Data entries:
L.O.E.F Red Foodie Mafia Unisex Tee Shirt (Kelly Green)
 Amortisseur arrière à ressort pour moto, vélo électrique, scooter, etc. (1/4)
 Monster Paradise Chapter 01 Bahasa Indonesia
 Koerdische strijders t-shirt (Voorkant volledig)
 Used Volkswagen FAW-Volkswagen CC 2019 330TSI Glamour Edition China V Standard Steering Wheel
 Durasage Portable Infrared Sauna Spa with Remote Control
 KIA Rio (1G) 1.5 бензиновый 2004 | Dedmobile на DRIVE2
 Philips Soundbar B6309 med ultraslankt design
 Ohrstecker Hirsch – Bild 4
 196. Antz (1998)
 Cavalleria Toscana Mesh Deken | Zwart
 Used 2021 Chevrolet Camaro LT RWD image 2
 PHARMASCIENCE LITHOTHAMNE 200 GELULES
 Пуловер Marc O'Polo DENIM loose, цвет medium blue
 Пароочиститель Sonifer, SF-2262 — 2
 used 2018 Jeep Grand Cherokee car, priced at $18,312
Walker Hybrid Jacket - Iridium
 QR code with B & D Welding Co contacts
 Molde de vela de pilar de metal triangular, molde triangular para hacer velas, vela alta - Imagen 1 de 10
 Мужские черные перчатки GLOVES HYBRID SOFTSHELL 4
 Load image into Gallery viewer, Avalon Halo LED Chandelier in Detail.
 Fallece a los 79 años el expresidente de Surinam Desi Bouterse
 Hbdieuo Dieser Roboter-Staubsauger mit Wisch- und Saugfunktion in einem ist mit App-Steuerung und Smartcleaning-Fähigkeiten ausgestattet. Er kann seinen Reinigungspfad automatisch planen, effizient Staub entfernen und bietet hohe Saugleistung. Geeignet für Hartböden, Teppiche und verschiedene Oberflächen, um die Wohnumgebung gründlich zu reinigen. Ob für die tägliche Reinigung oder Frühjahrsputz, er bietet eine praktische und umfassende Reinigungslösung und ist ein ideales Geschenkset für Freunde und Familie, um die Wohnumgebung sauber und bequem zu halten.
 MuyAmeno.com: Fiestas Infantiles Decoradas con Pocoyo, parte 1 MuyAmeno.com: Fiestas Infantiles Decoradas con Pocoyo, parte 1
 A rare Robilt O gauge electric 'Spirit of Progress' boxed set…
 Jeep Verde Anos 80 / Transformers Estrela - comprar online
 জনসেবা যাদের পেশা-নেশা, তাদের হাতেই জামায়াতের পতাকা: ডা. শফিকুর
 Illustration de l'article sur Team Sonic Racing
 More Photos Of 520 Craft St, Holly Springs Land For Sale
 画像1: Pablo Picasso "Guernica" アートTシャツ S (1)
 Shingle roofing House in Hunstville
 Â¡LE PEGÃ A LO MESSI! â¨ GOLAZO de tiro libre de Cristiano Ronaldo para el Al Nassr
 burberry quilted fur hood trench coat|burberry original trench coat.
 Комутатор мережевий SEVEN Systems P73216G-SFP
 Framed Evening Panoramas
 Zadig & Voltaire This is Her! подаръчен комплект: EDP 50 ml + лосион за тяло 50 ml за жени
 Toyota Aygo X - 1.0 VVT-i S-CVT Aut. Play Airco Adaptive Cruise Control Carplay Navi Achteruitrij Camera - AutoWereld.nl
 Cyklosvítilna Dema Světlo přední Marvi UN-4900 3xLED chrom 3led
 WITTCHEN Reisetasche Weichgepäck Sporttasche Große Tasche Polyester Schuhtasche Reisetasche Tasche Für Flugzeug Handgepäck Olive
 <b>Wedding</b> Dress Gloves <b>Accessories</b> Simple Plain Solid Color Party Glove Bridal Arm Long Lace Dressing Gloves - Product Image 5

- [Your objective]: Please transcribe only the lines in the records above running from the line that has "Â¡LE PEGÃ A" through the line that has "Zadig & Voltaire", both included, exactly as they appear.

- [Response below]:
 Â¡LE PEGÃ A LO MESSI! â¨ GOLAZO de tiro libre de Cristiano Ronaldo para el Al Nassr
 burberry quilted fur hood trench coat|burberry original trench coat.
 Комутатор мережевий SEVEN Systems P73216G-SFP
 Framed Evening Panoramas
 Zadig & Voltaire This is Her! подаръчен комплект: EDP 50 ml + лосион за тяло 50 ml за жени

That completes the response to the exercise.